Hepsi ilk albümden şarkılar. Mektup değişen teknoloji dünyasında nostaljik anlamlar ifade eden bir şarkı. Ağapo Se , ilk bölümü Rumca diğer bölümü Türkçe olan ve mübadele dönemini kurgulayan bir aşk şarkısı. Yağmur yine güzel hislerle yazılmış bir şarkı. Seçim Zamanı özellikle Trabzon’un milliyetçi söylemler üzerinden gündeme getirilmesini ve özelde bu şehir, genelde ise Karadeniz üzerinde oynanan oyunları protesto eden bir şarkı. Ağasar horonu yine özellikle Trabzon’un batısında yaşayan Oğuzların Çepni boyuna ait şive ve tavır ile kaydettiğimiz bir horon havası.

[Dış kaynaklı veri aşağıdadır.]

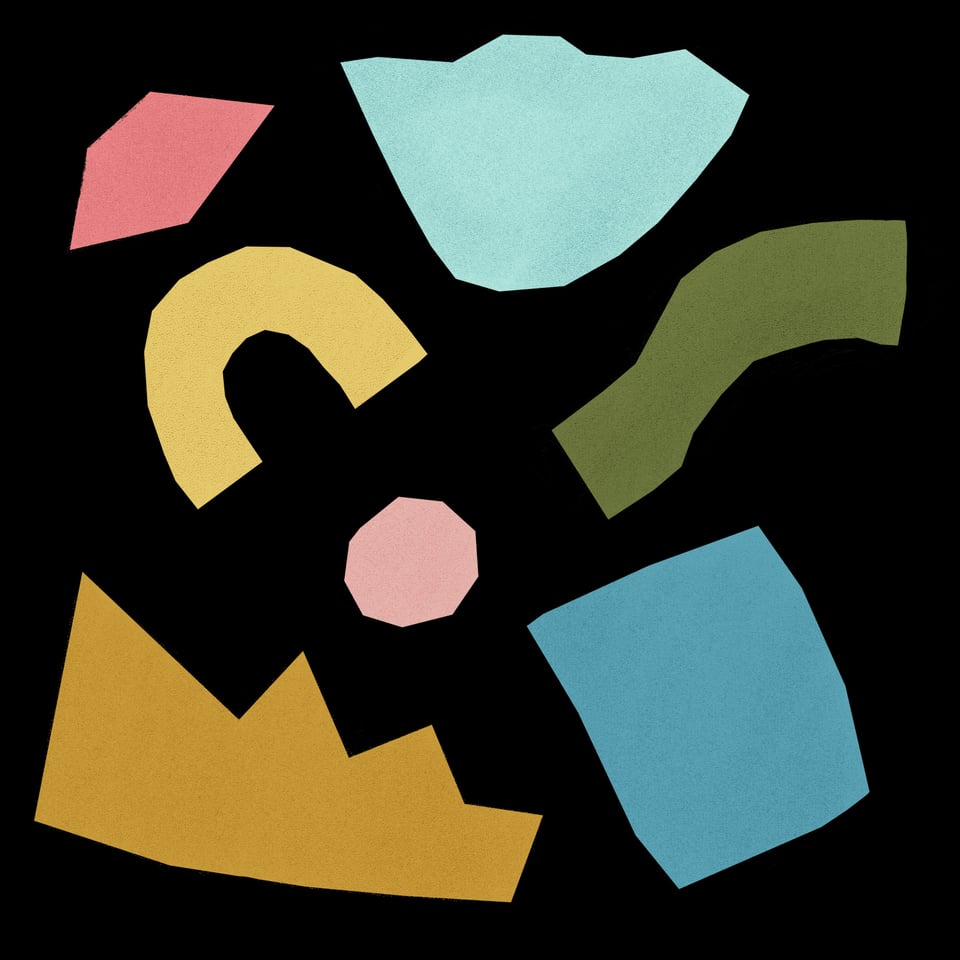 abstract illustration with black background and multiple different size shapes in different colors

“Seçim Zamanı” şarkınızı “Diren Karadeniz” projesine dönüştürdünüz. Bu projenin amacı nedir? Neden toplumsal meselelere sanatınız aracılığıyla ses vermek size önemli geliyor?
Bu şarkı Karadeniz müzik kültürü içerisinde çok fazla örneği olmayan, hatta hiç olmayan protest ya da taşlama olarak nitelendirebileceğimiz bir şarkı. Karadeniz’in Türkçe olan türküleri genelde geleneksel olarak dağınık konular ve melodiler etrafında şekilleniyor. Sözü ve müziği ile özdeşleşmiş ve belli bir konudan bahseden çok fazla Karadeniz türküsü yok. Halkın yaşadığı sorunları yine halkın şivesiyle ifade etmeyi önemsiyorum. Bu boşluğu doldurmak adına Emekçi ve Mahsuni Şerif gibi ozanlardan esinlenerek yazdığım bir şarkı bu.

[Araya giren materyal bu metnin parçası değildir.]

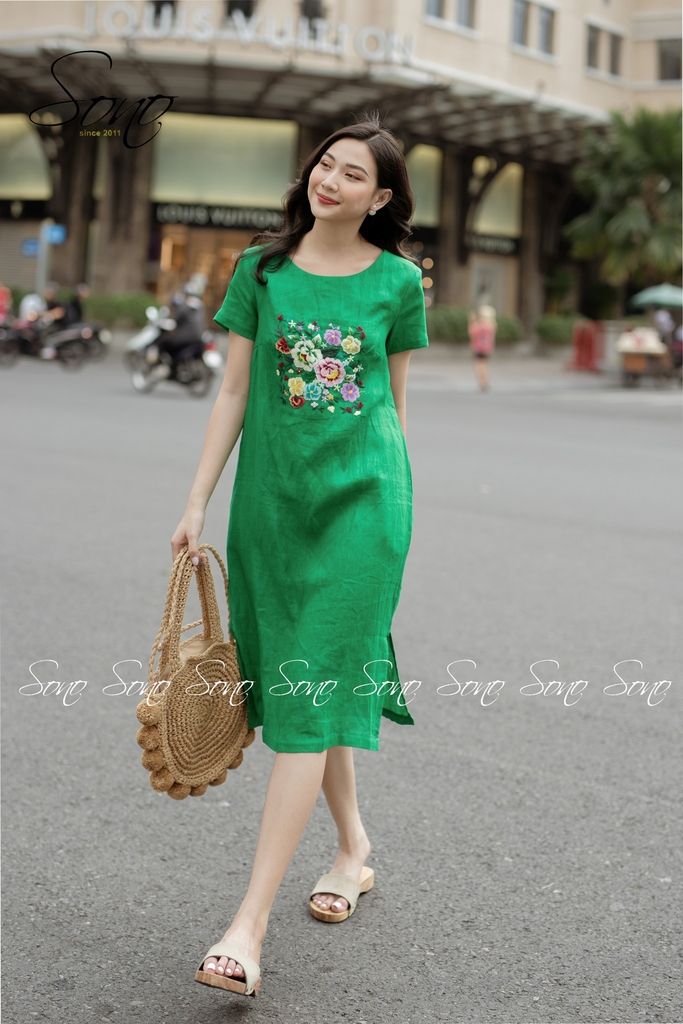 Đầm linen thêu tay | Shopee Việt Nam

Diren Karadeniz ise projede yer alan bazı arkadaşların önerisiyle yapılmış bir klip. Açıkçası bu arkadaşların bir çoğu bugün bu şarkının felsefesinden ve ruhundan çok uzakta bir çizgide yer alıyor. Bu nedenle bu şarkının Diren Karadeniz değil de Seçim Zamanı olarak hatırlanmasını tercih ederim.

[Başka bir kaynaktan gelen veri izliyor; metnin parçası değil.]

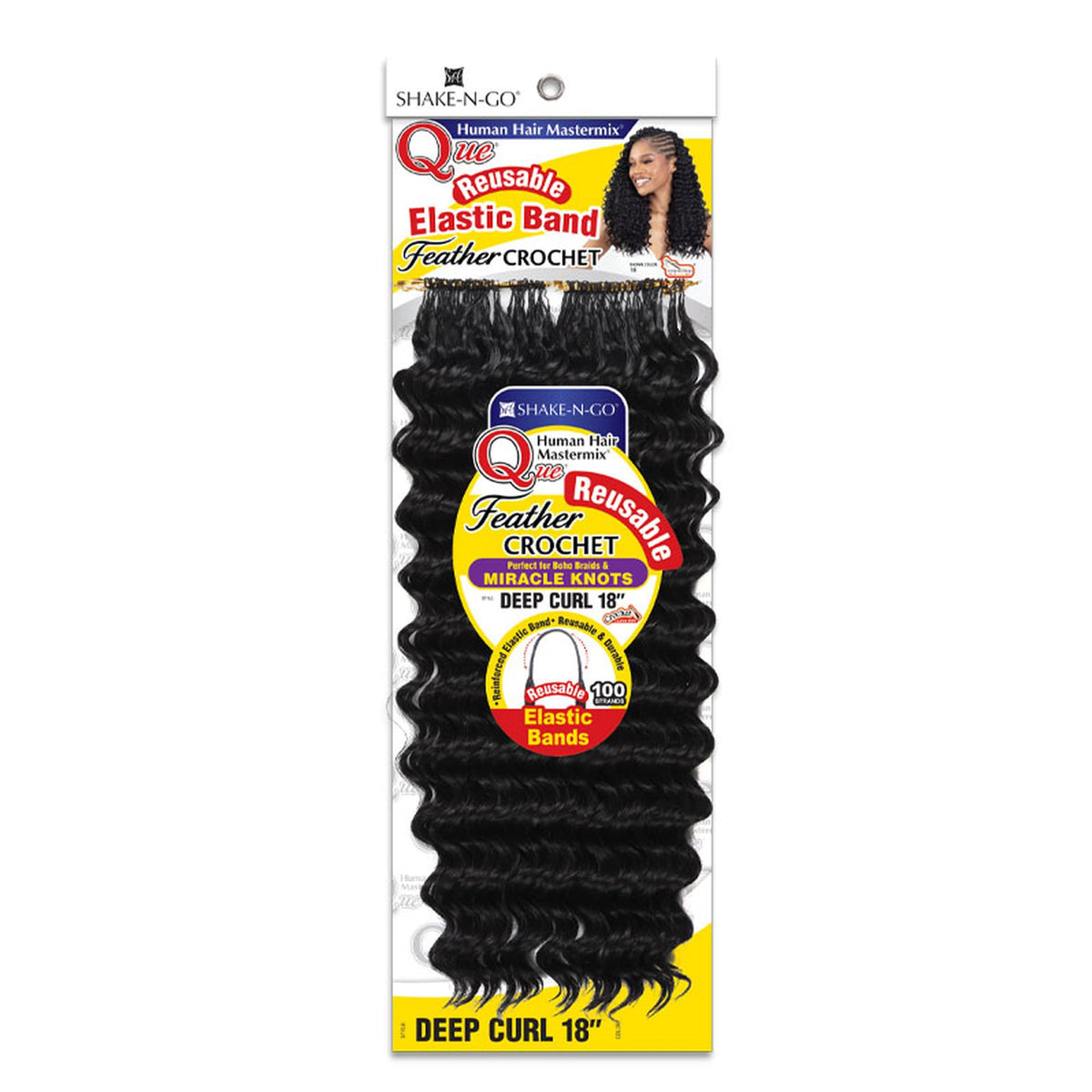 Shake-N-Go Que Hair extension - Human-hair-blend Mircale knots Feather crochet - Deep curl 18" (530)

Geleneksel Karadeniz müziğine verdiğiniz önemi ve gelecekteki rolünü nasıl değerlendiriyorsunuz?
Geleneksel müziğin her türlüsüne karşı ayrı bir ilgim var. Ben Karadeniz müziğinin geleneksel anlamda Türkiye’de ve dünyada hala anlaşıldığını sanmıyorum. Derinliğini ve çeşitliliğini anlayamadıkları kültürleri anlayabilecekleri şekilde basitleştirip dizayn eden bir toplumun içerisindeyiz. Yine bu düzenin verdiği nimetleri kaybetmekten korkan atanmış ya da dayatılmış isimlerin konu hakkındaki duyarsızlığı da var. Tüm algı süreçlerine rağmen Karadeniz müziğinin çeşitliliğiyle insanların duygu dünyasında şekillenerek bu günlere geldi. Bu geleneği devam ettiren yetenekli gençler görüyorum. Umarım yeteneklerinin yanına koyacakları diğer anlamlarla sorumluluk alacak iradeye sahip olurlar.
Sanatçı Mikail Arslan ile Zazaca şarkı seslendirdiniz. Bu proje nasıl gerçekleşti?
İstanbul’a geldiğimden beri en iyi dostlarım hep Dersimliler oldu. Duygu dünyamda ve müzik yolculuğumda hep yanımdaydılar. Bu nedenle tarihleri, gelenekleri ve Zazaca şarkılarıyla Dersim benim ikinci memleketim gibidir.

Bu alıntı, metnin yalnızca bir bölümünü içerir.